Emre Güray dediği gibi yapmış, büyükşehirde iki, dört ilçede birer anket yaparak bir çalışma başlatmıştı. Bununla yetinmeyen Güray, saha çalışmalarından edindiği izlenimi rapor haline getirmişti. Genel merkez, ikisi muhalif kanat olmak üzere dört anket firmasına Van’da çalışma yaptırdı. Anketler, büyükşehirde tek bir ismi gösteriyordu. Hem genel merkez hem de Emre Bey’in yaptığı anketlerde (altı anket) Zahir Kandaşoğlu büyük farkla birinci oluyordu. Yine ilçe anketlerinde 31 Mart’ta dört büyük ilçede aday gösterilen isimlerden sadece biri anketlerde çıkarken diğer isimler yapılan çalışmalarda sıralamaya bile giremiyordu. İşte bu bilinçle hareket eden Emre Güray, kendi listesi ile seçimlere girmek istedi. Israrla altı ankette de birinci çıkan Zahir Kandaşoğlu için ısrarcı oldu. Mevcut ilçe adaylarından bazılarını istemiyordu. Bunun için genel merkez ile sık sık ters düştü. Hatta aday isimlerinin açıklanmasına iki gün kala Erdoğan’a bile ulaştı ama gücünü yettiremedi. 31 Mart’ta tüm Türkiye’de AK Parti’ye büyük kayıplar yaşatan komisyon üyelerini geçemedi. Aslında hem büyükşehir adayı hem de bazı ilçe adayları Emre Bey’in listesinde yoktu.

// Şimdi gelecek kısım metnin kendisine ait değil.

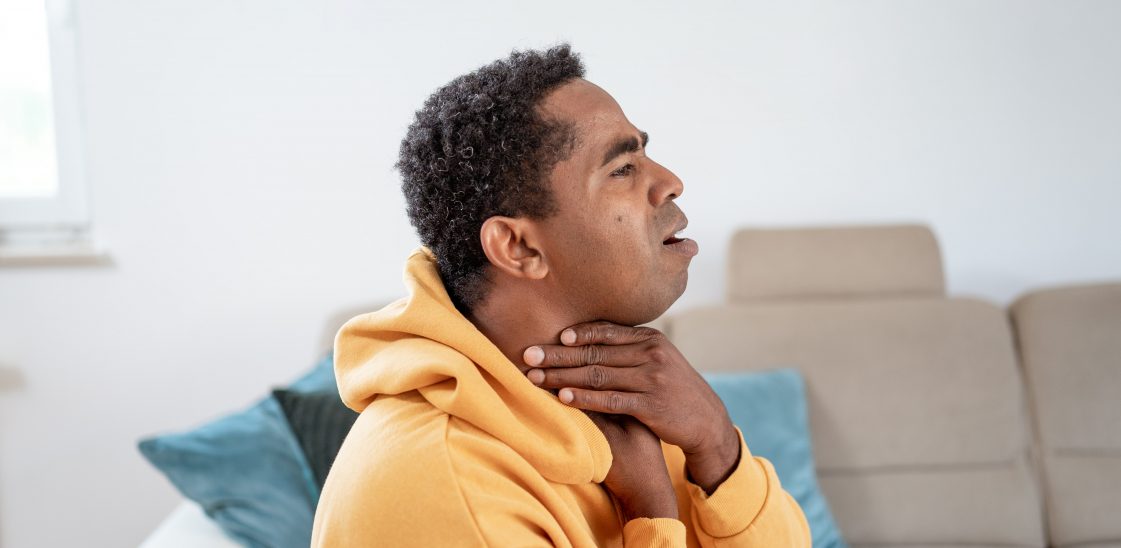 What are the symptoms of strep throat in adults?
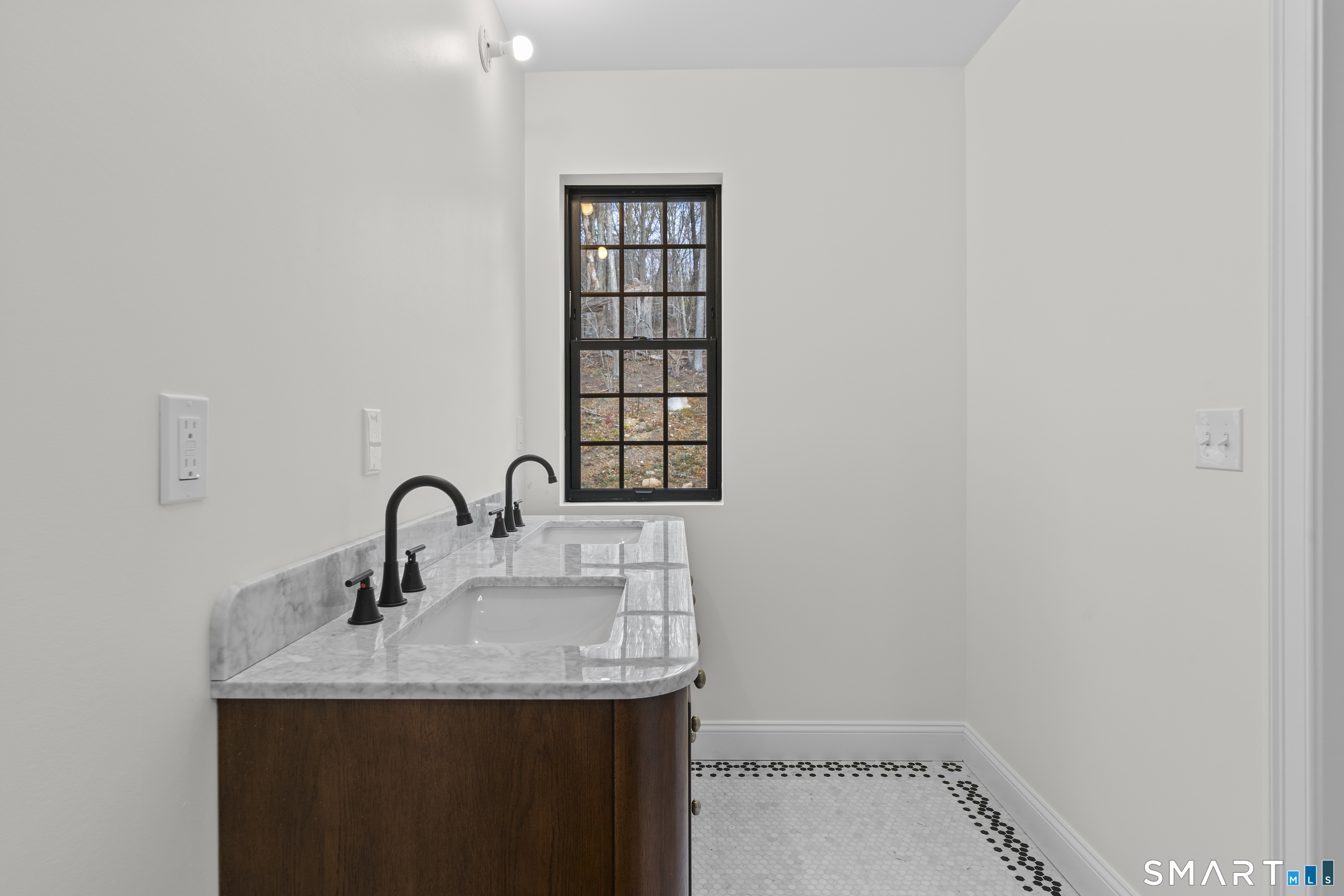 14 Lakewood Road East Hampton, CT 06424 - Photo 23 of 25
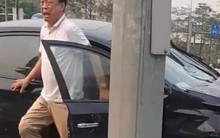 Tài xế xe "điên" tông hàng chục xe máy tái mét mặt bật khóc: "Thế này có chết tôi không”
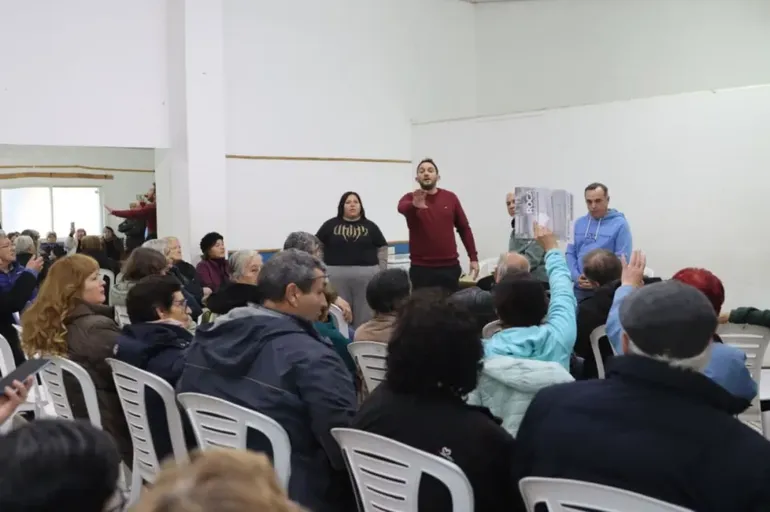 Los vecinos de General Roca se reunieron para solicitar frenar el cobro de una obra de asfalto. Foto: gentileza AN Roca Los vecinos de General Roca se reunieron para solicitar frenar el cobro de una obra de asfalto. Foto: gentileza AN Roca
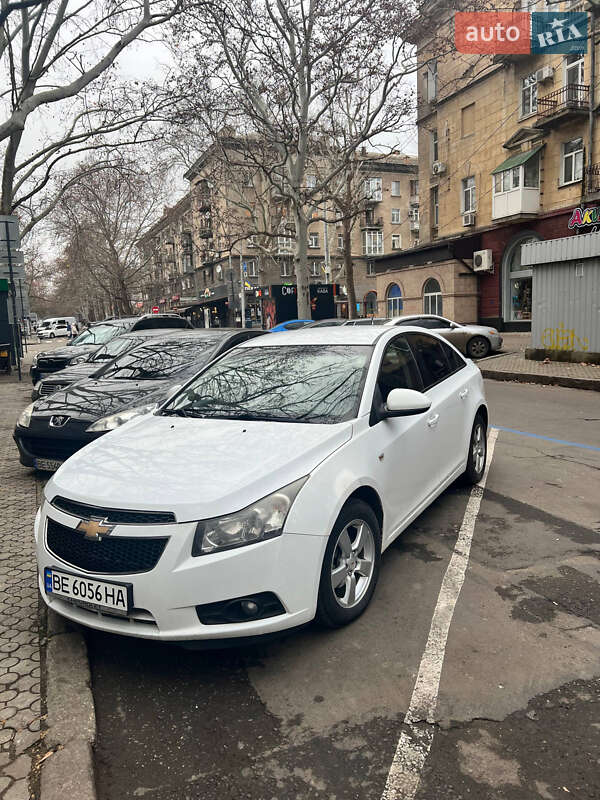 Седан Chevrolet Cruze 2010 в Миколаєві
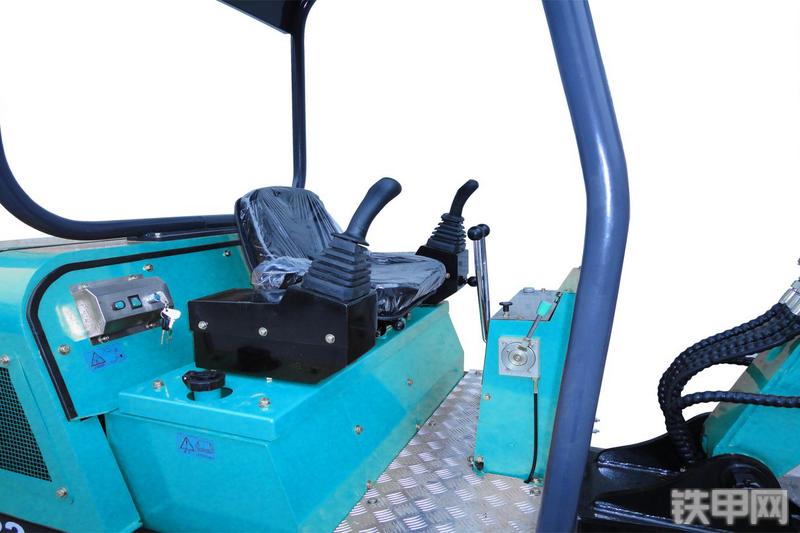 早山重工ZS-22S挖掘机局部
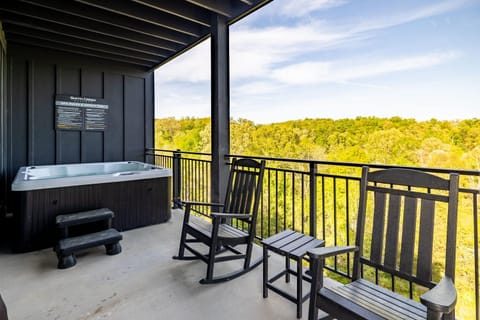 Luxurious Haven for 22 - Pool, Hot Tub, & Theater Maison in Sevierville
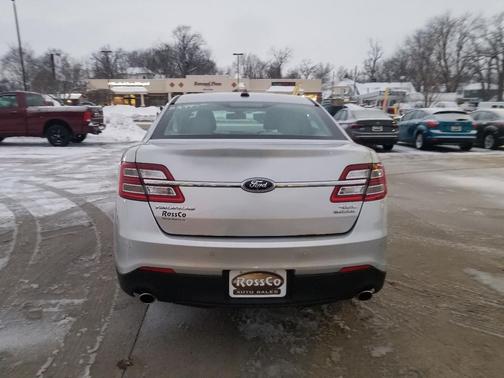 2013 Ford Taurus SEL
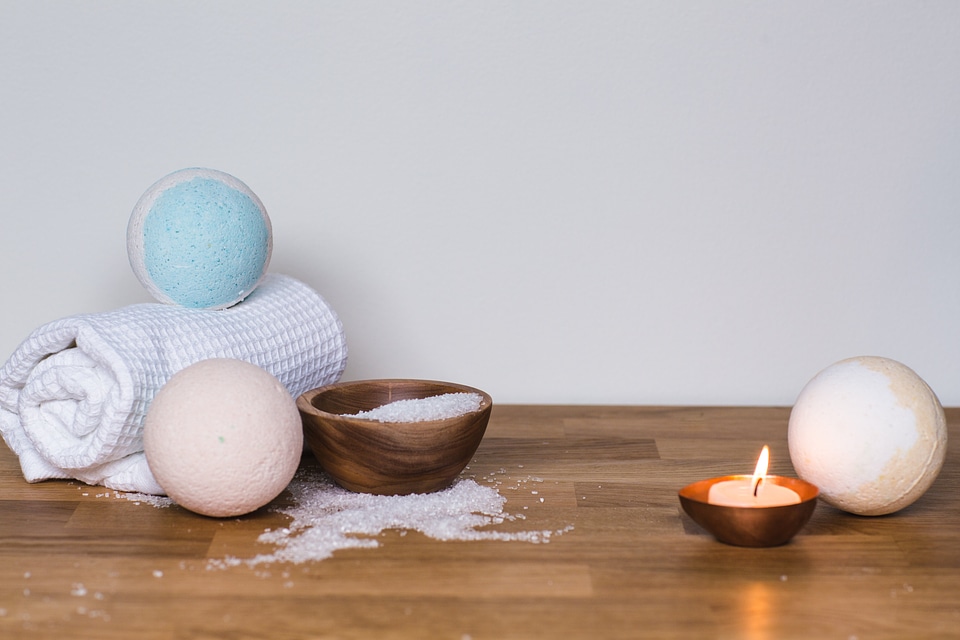 White Blue Bathbomb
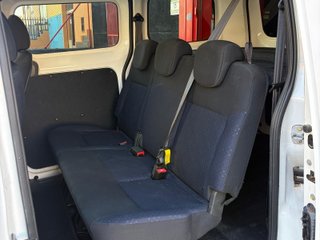 Nissan NV200 5 plazas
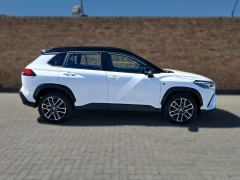 TOYOTA  COROLLA CROSS 18 GR-S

Peki, gerçekten 31 Mart’ın faturasını sadece Emre Güray’a mı yazalım?
Tüm anket sonuçlarına ve halkın büyük teveccühünü kazanan Zahir Kandaşoğlu ismine rağmen, onun yerine kendi ilçesinde bile yüzde 30 alamayan adayı gösteren üst komisyon üyelerinin hiç mi suçu yok?
İlçe belediyeleri için aynı anda beş isme belediye başkanlığı sözü veren ve diğer adayları küstüren, hatta rakip partilerde aday gösterilmesine sebep olan Van vekilinin kabahatini kime yazalım?
Seçimler öncesi sadece göstermelik ziyaretler gerçekleştirip sosyal medya hesabında "Dostlar pazarda görsün" misali paylaşımlar yapan ama kaçak güreşen eski teşkilat, eski il ve ilçe başkanlarının bazılarına hiç mi suç yüklemeyelim?
31 Mart öncesinde aday adayı olan ve aday gösterilmeyen, aday adaylık sürecinde Erdoğancı görünen ve sonrasında kendi kabuklarına çekilen 150’ye yakın koltuk sevdalısını kime şikâyet edelim?
Seçimlerde tek kuruş para harcamadan “Ben nasılsa kazanamam, enayi miyim?” şiarıyla hareket eden, sahalardan uzak kaçan adayları ne yapalım?
Seçimlerde millete tepeden bakan kibir abidesi belediye başkanlarını tekrar aday gösteren zihniyete ne diyelim?

O kadar çok başlık buradan alt alta sıralayabilirim ki…
Emre Güray, genç, dinamik biri.
Gerçek Erdoğan sevdalılarında karşılığı var. Emre Güray ismi doğru bir karar.

Peki, gerçekten 31 Mart’ın faturasını kime yazalım?